Give back the exact lines of the material below from the one containing "Cuisine ou kitchenette" through the one containing "Bærbar dampsauna - Saunatelt", and no pictures.

Start of Material to process

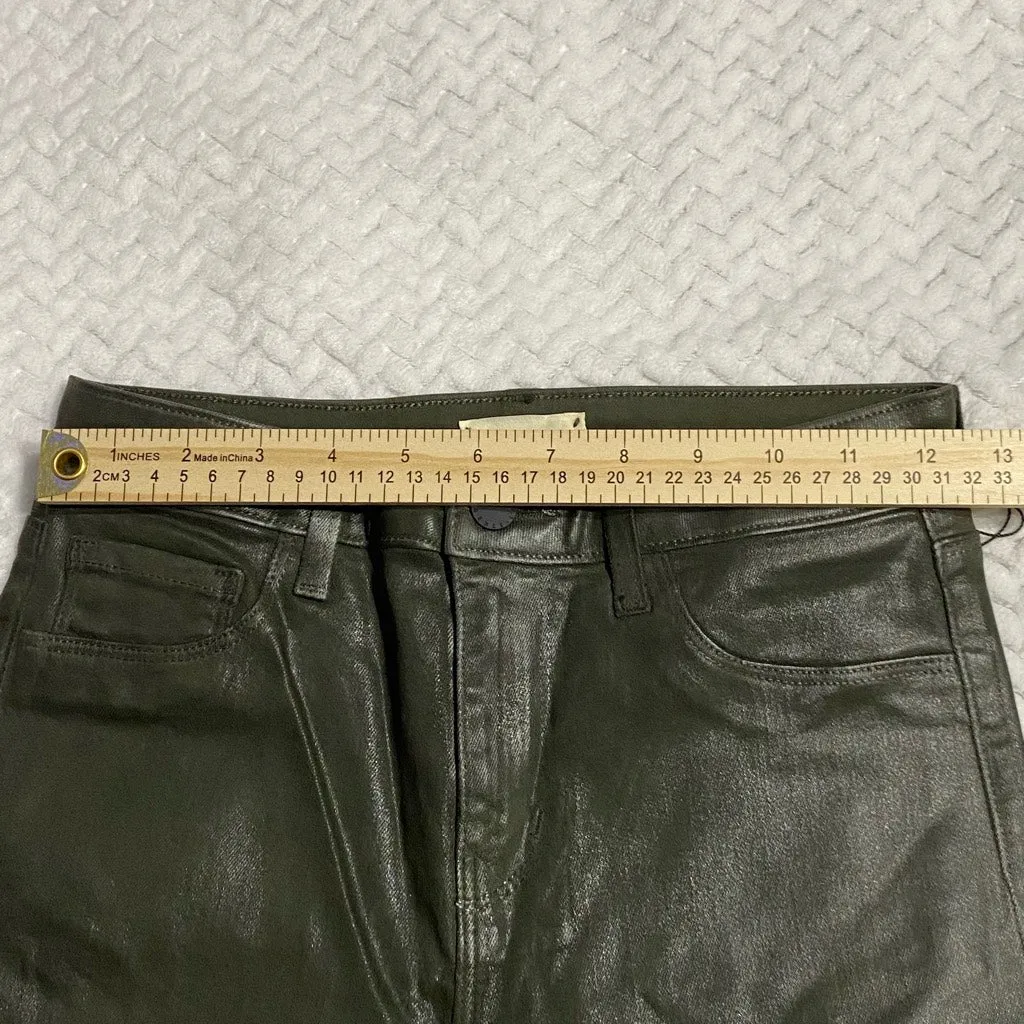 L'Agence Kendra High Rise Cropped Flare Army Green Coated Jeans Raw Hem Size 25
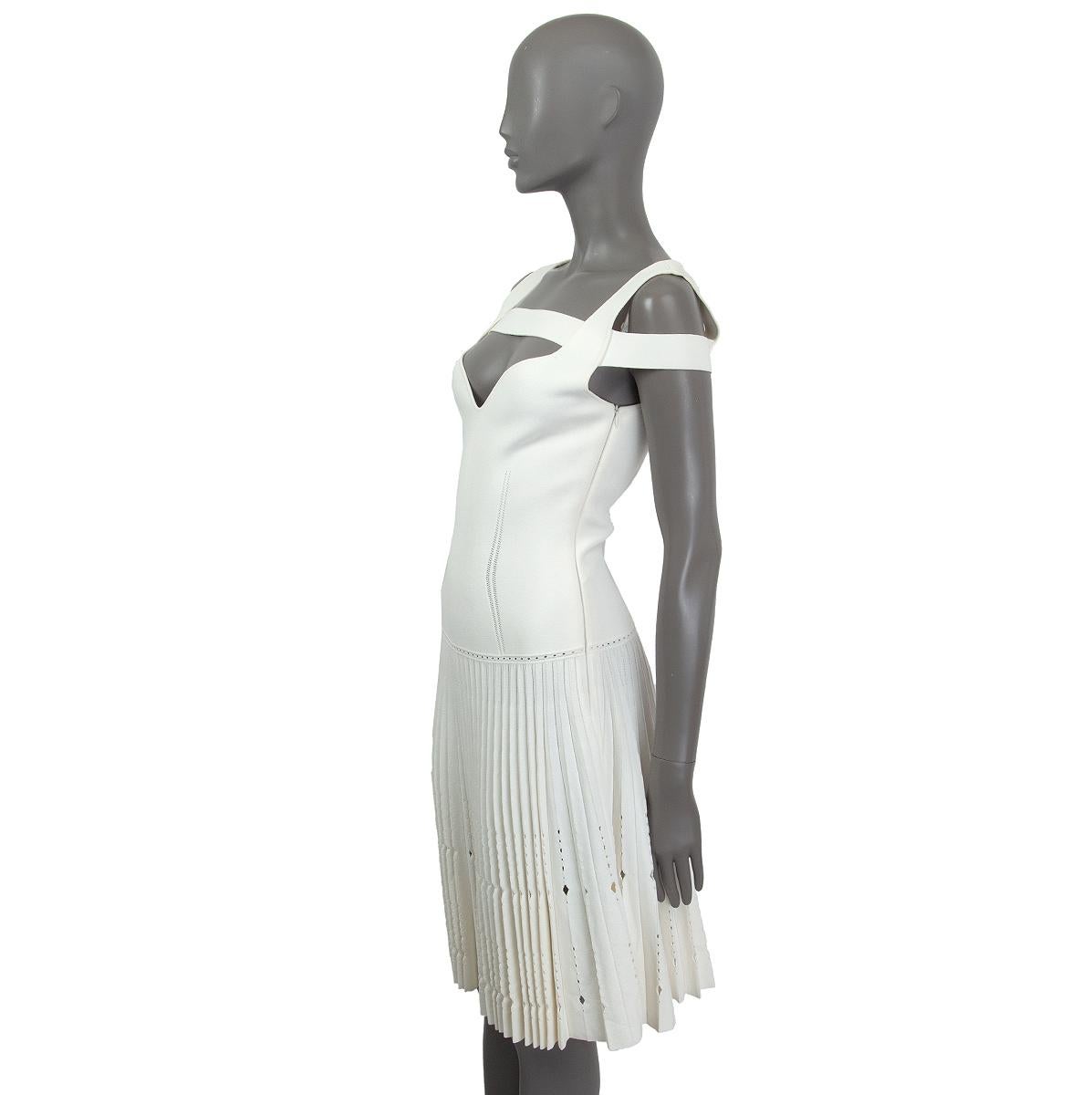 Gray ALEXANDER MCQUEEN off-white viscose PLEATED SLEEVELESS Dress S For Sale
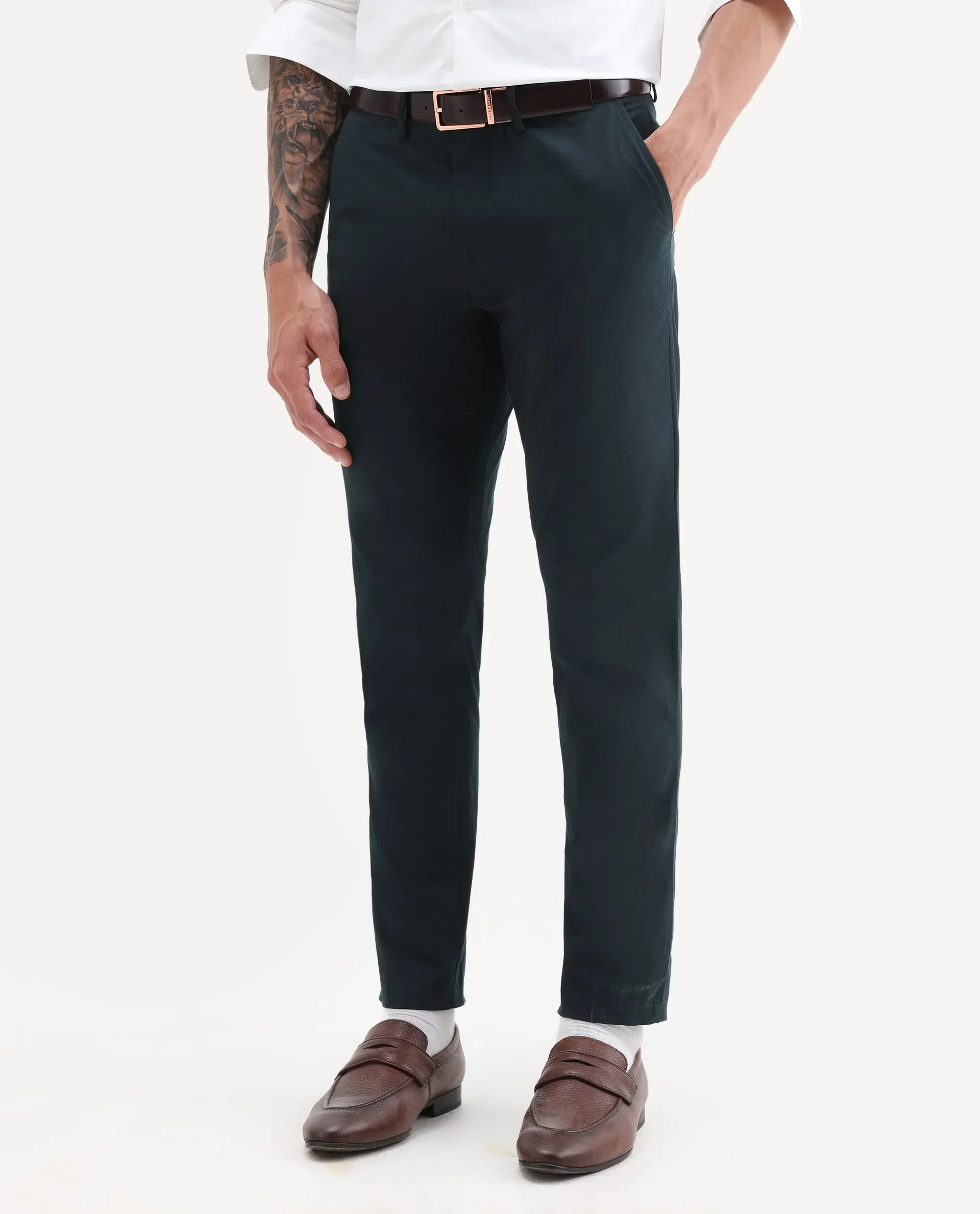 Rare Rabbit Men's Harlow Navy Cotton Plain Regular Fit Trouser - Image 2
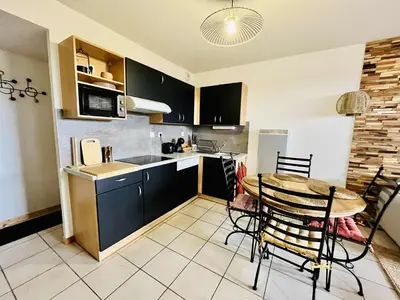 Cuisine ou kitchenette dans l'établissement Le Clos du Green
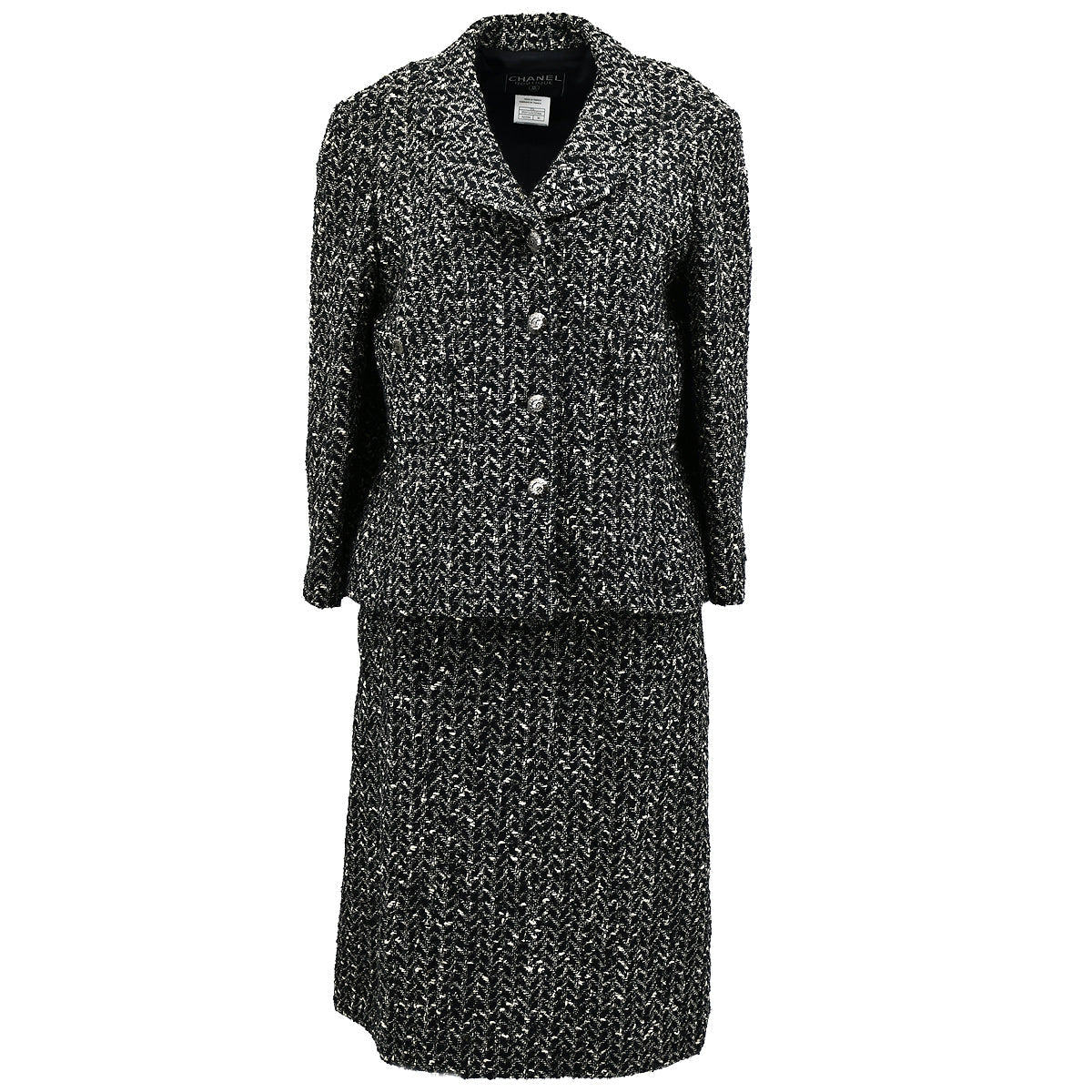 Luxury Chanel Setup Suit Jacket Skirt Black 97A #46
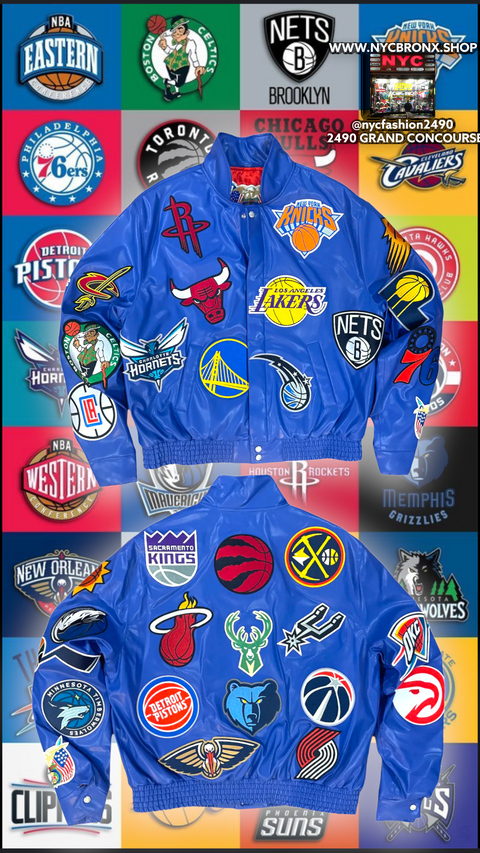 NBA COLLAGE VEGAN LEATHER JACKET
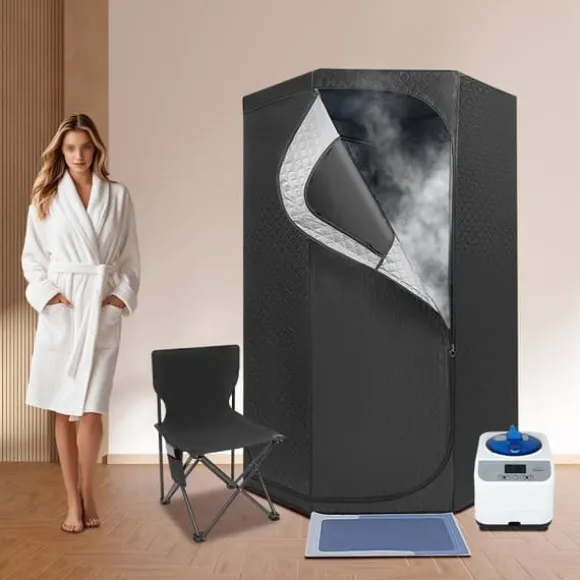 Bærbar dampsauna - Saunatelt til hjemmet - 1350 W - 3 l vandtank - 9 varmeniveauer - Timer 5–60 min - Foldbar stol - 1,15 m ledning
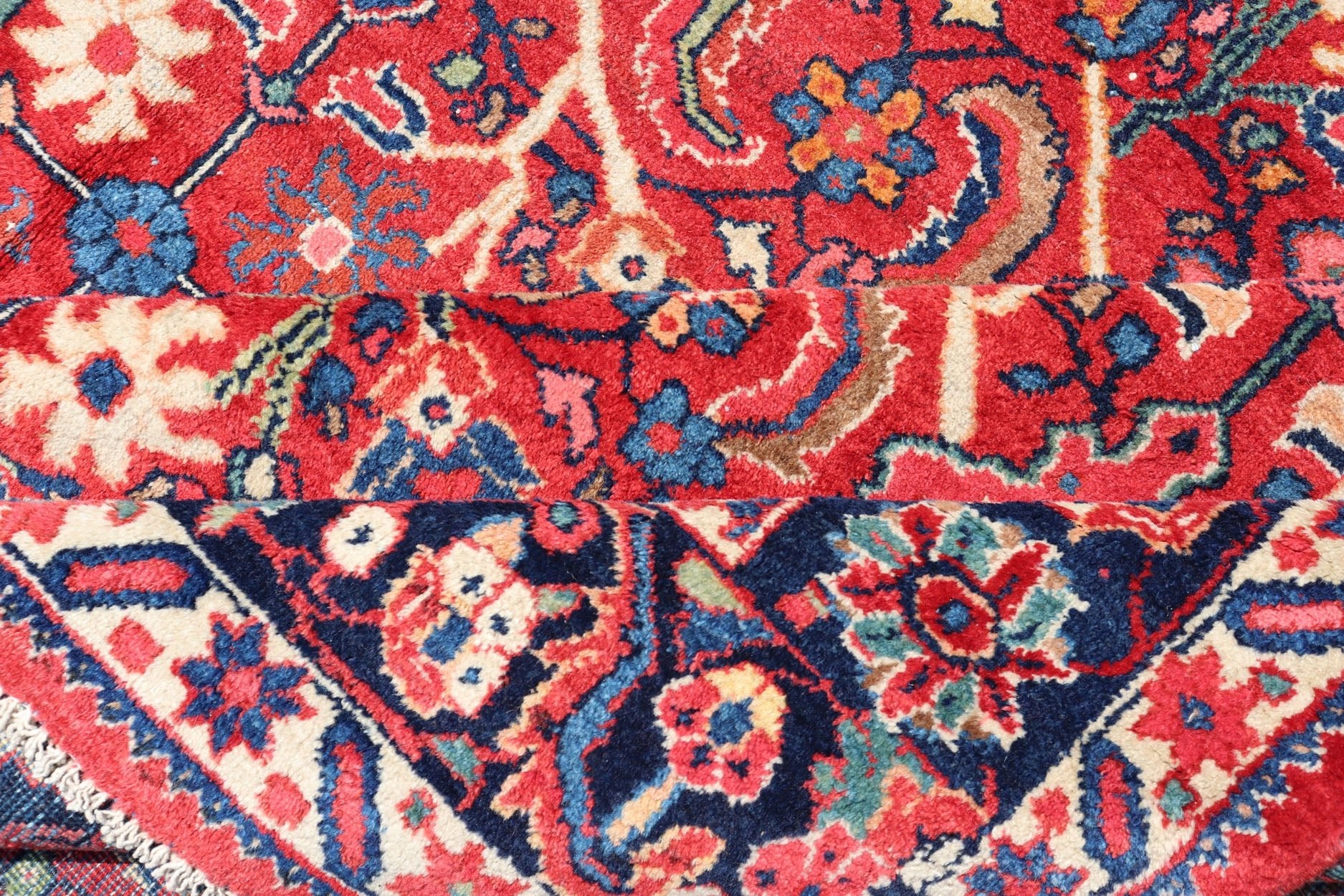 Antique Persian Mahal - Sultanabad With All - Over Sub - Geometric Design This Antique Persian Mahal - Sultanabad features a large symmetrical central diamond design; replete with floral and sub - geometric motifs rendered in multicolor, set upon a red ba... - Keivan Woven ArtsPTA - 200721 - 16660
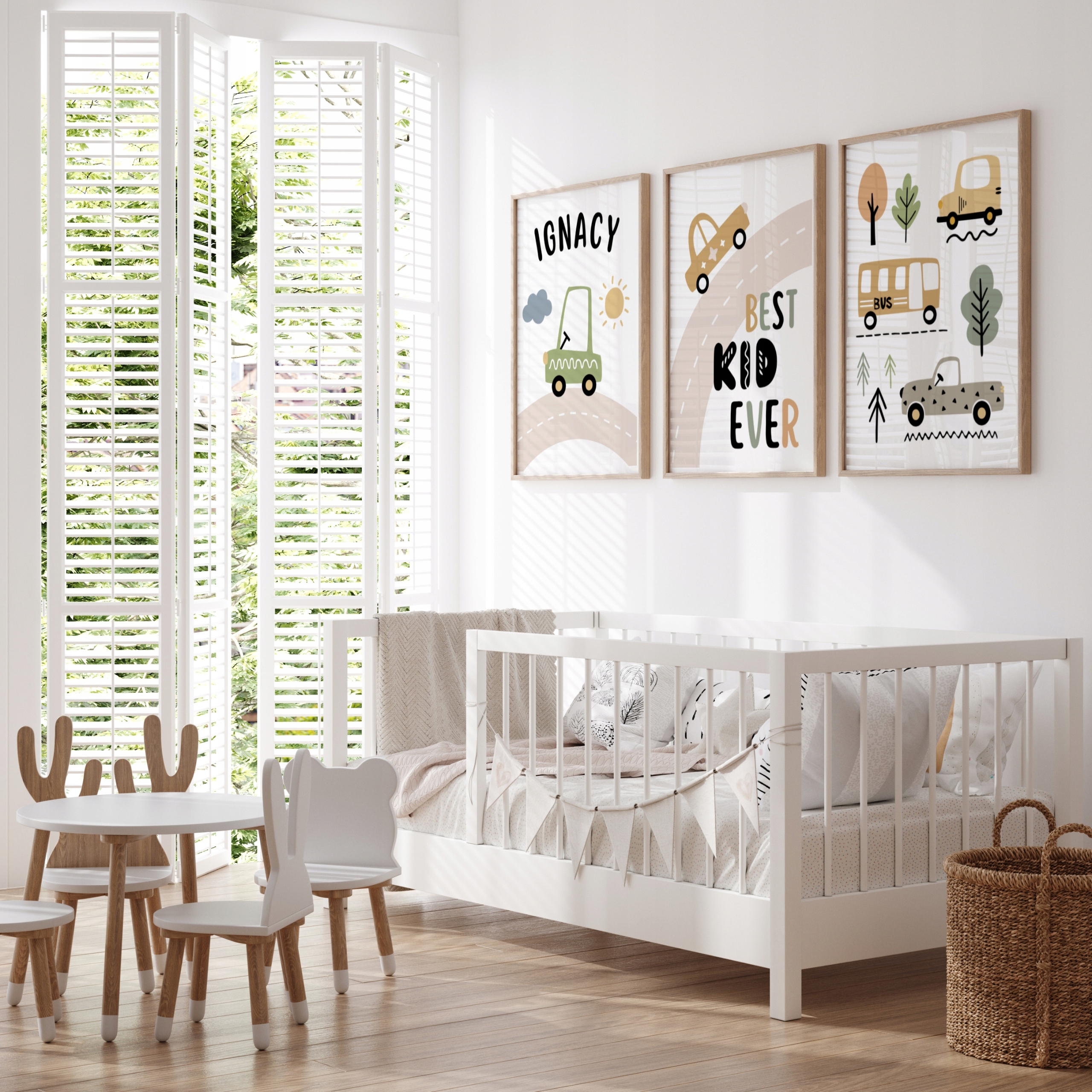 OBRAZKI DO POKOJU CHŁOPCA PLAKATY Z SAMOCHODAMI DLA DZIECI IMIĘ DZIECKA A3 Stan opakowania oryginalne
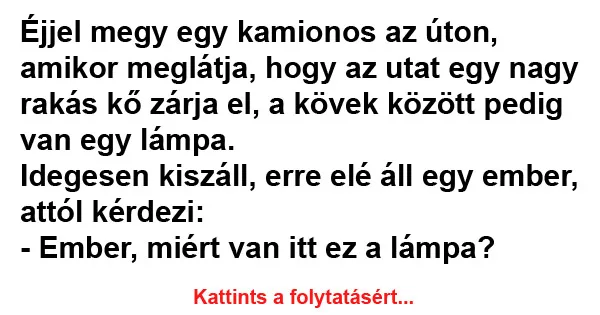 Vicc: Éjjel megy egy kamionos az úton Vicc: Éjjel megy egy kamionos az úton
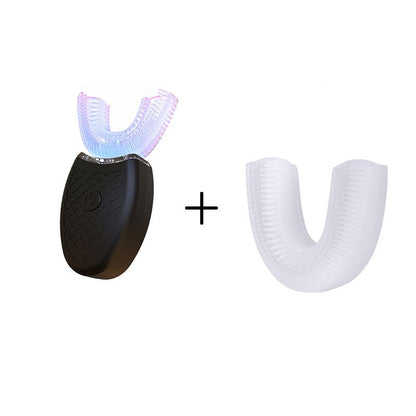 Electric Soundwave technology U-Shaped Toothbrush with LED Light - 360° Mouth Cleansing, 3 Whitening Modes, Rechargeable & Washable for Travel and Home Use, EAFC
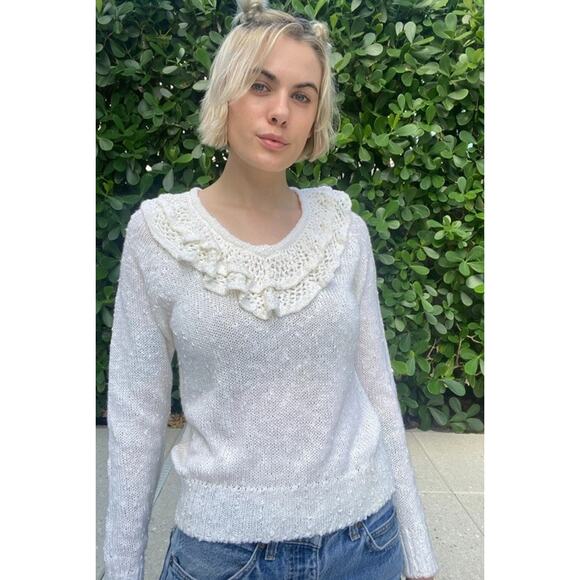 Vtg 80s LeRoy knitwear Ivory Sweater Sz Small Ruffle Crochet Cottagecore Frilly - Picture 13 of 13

End of Material to process

Completed task:
 Cuisine ou kitchenette dans l'établissement Le Clos du Green
 Luxury Chanel Setup Suit Jacket Skirt Black 97A #46
 NBA COLLAGE VEGAN LEATHER JACKET
 Bærbar dampsauna - Saunatelt til hjemmet - 1350 W - 3 l vandtank - 9 varmeniveauer - Timer 5–60 min - Foldbar stol - 1,15 m ledning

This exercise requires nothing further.